* _About this task_
Wherever "with" shows up in the records below, copy the whole line.

"""

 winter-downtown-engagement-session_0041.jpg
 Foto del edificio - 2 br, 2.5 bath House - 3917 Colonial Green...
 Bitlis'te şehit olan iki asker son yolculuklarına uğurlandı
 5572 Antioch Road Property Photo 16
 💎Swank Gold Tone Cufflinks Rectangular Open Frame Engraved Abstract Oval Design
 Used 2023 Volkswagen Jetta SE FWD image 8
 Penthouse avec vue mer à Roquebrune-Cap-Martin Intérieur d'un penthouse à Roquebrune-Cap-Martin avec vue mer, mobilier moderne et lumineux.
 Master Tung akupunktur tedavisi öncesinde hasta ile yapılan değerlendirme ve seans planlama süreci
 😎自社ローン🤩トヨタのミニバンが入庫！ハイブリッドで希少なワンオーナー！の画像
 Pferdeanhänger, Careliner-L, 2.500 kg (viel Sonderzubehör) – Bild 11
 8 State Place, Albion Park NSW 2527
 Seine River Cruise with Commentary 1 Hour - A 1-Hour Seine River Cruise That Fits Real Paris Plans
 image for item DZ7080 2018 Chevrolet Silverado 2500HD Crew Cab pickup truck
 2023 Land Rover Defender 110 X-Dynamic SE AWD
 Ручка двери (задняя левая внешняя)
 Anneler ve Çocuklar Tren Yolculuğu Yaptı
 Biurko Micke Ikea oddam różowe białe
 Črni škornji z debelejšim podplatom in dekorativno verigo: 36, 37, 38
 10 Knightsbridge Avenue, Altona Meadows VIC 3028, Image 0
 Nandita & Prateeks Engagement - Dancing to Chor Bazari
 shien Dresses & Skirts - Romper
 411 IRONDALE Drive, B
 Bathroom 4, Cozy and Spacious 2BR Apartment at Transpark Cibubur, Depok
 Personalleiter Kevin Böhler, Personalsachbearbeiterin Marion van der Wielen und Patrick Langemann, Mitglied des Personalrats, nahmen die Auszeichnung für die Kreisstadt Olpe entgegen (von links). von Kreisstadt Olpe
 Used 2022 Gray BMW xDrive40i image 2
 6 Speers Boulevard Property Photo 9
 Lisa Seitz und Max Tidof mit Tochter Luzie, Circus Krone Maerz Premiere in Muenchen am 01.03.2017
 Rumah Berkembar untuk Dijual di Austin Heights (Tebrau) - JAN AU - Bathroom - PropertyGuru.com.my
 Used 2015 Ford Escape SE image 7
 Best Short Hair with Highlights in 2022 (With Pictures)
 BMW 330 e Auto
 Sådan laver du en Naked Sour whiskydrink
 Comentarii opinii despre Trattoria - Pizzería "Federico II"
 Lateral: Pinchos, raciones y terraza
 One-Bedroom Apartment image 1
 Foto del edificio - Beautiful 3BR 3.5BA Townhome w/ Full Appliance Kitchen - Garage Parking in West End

"""

* _Task output_
 Seine River Cruise with Commentary 1 Hour - A 1-Hour Seine River Cruise That Fits Real Paris Plans
 Best Short Hair with Highlights in 2022 (With Pictures)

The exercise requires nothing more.